By Hugo Batten, Managing Director, APAC; Patrick Tan, Market Lead, Wider Asia; James Ha, Head of Research, APAC; Donguk Kim, Project Leader, Korea; Yeonjae Kim, Analyst, Korea; Chris Icanovski, Associate, Korea; Jessie Seo, Commercial Associate, Korea; William Lewis, Head of Commercial, APAC
We launched in Korea in late August with an event in Seoul. Korea is a fascinating, complex, and sometimes opaque energy market, so we are mapping out some insights from our first long-term Korean Power & Renewables Market Forecast. This first report was the product of over a year’s work from our Korean team as well as sessions with over 50 clients and friends to get detailed feedback on inputs, modeling methodology, and market and grid outcomes.
To ensure accessibility for readers without specialized knowledge of the Korean market, we’ll be taking a more conversational approach and in some instances, we have prioritized brevity over conveying the full complexity of the system. The main topics we will be exploring are the following:
Korea, like a lot of markets, is grappling with the multifaceted challenges of decarbonizing its power system. Many of these challenges are exacerbated by the structure of the economy (Asia’s 4th largest and heavily dependent on manufacturing with potential additional demand growth coming from expanding the semiconductor industry and data centers), small landmass (less than half the size of Great Britain), and high population density (52m inhabitants). There are three key tensions we explore:
- Approximately ₩500 trillion of generation investment is needed by 2050, but investors are grappling with rising policy, grid, and social license risk.

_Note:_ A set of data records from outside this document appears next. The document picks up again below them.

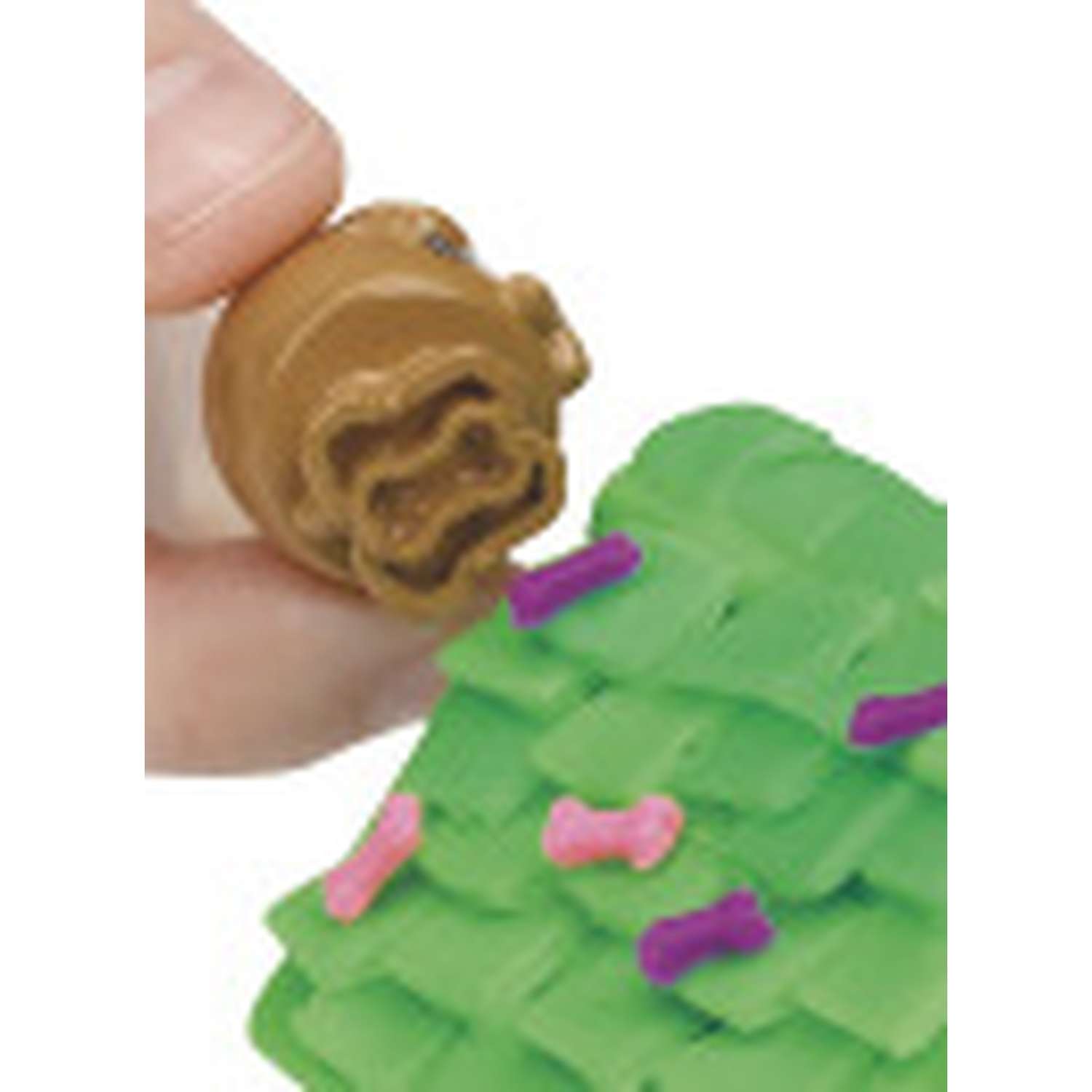 Набор игровой Play-Doh Домик для собаки E94775L0 - фото 7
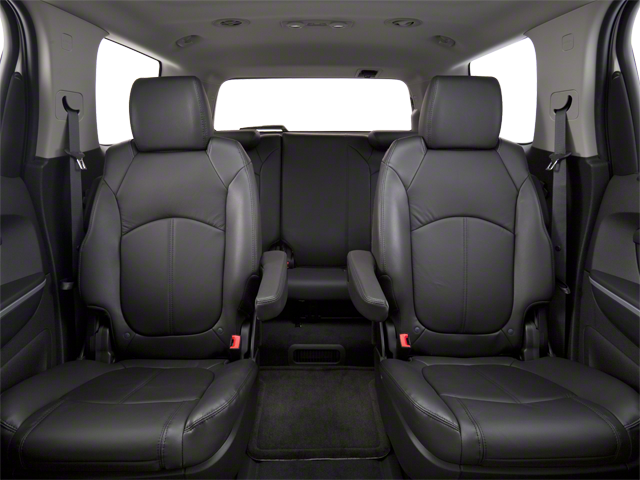 2012 GMC Acadia Base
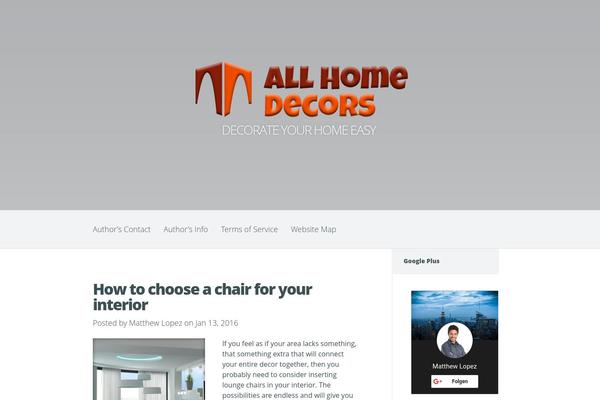 allpoints WordPress theme, websites list used allpoints theme allpoints theme websites examples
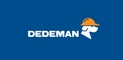 logo логотип DEDEMAN S.R.L. DEDEMAN S.R.L.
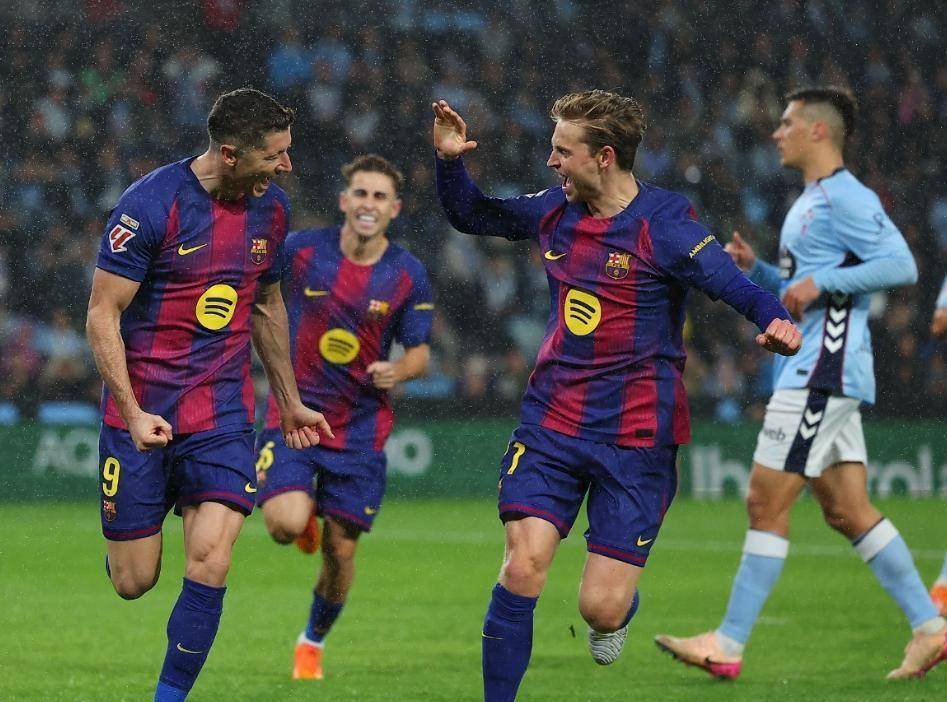 德甲赛程吃紧,巴塞罗那今夜远射贴柱,底气十足,高层口径保持一致 德甲赛程吃紧,巴塞罗那今夜远射贴柱,底气十足,高层口径保持一致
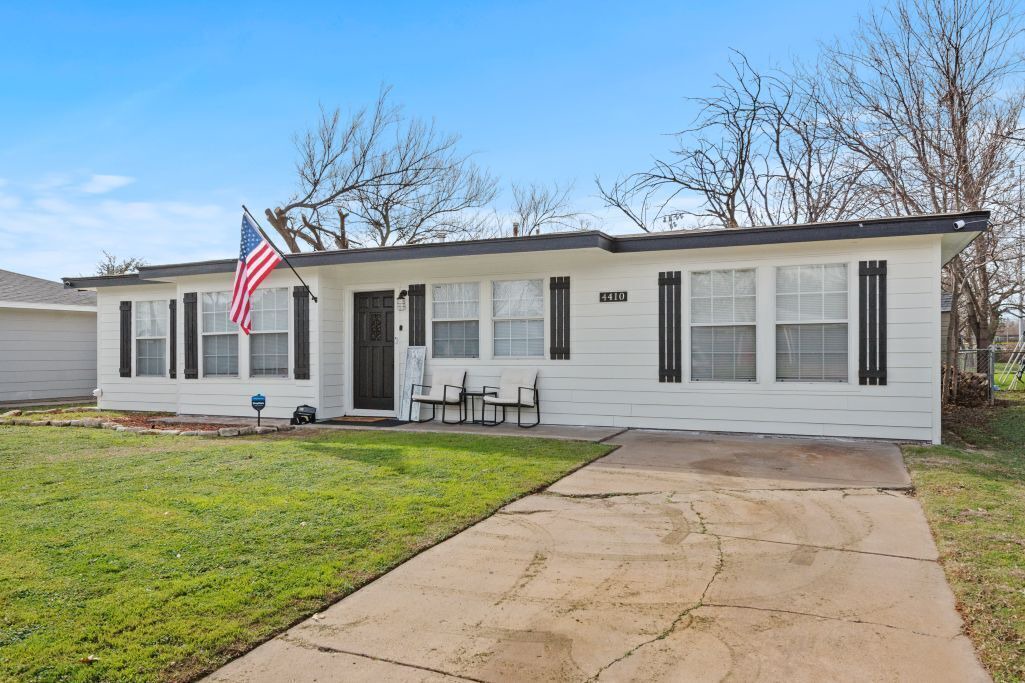 Photo of Outdoor in Wichita Falls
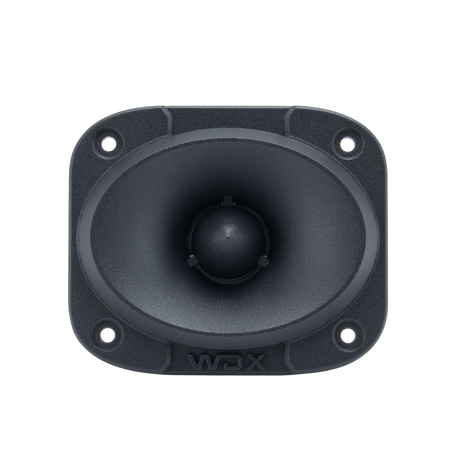 DB Drive WDX5-6.5-2MTW : WDX Shallow Mount 6.5" PRO Audio Component Kit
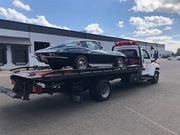 Car lockout services near me | Roland Miller Towing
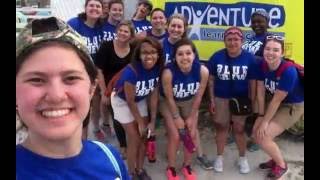 Judson University - Year in Review 2016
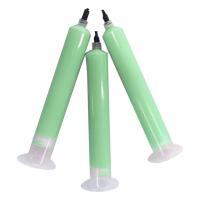 Puta térmica 1,5W Gel térmico de silicone de baixa resistência térmica para placa-mãe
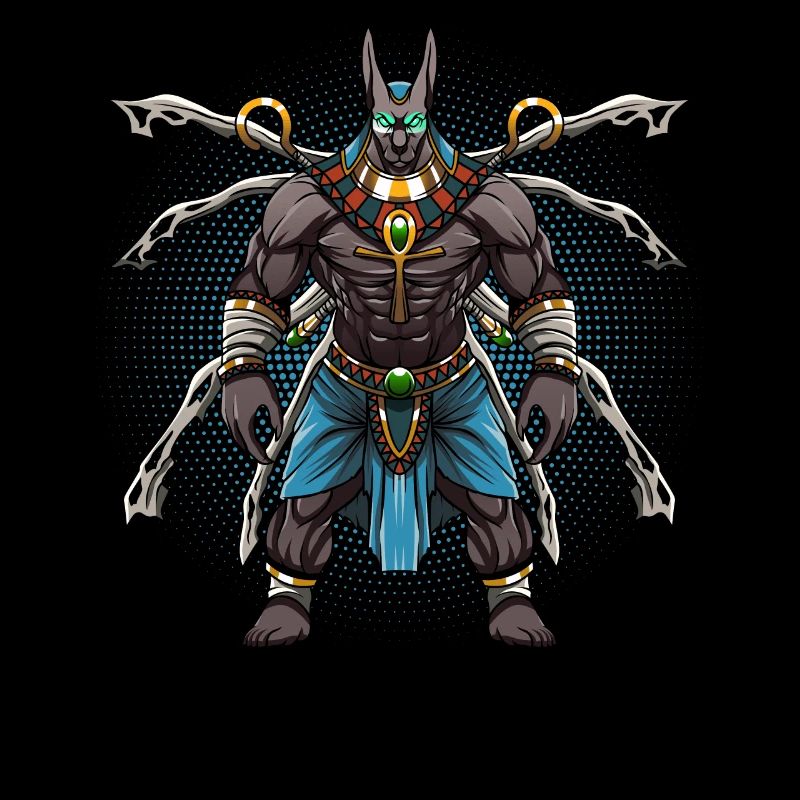 Anubis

- Renewables may have zero marginal costs, but electricity prices will likely be kept buoyant by international liquified natural gas (LNG) prices.
- Market reforms aim to boost efficiency of investment and dispatch, yet the government will want to maintain guardrails on the transition, and interventions and complexity are likely to increase.
While there are likely to be challenges and tensions through Korea’s energy transition, our long-term forecasts see material opportunities for new-build renewables, gas, batteries, and hydrogen infrastructure.
Our Korean Power & Renewables Market Forecast can be downloaded here by subscribers.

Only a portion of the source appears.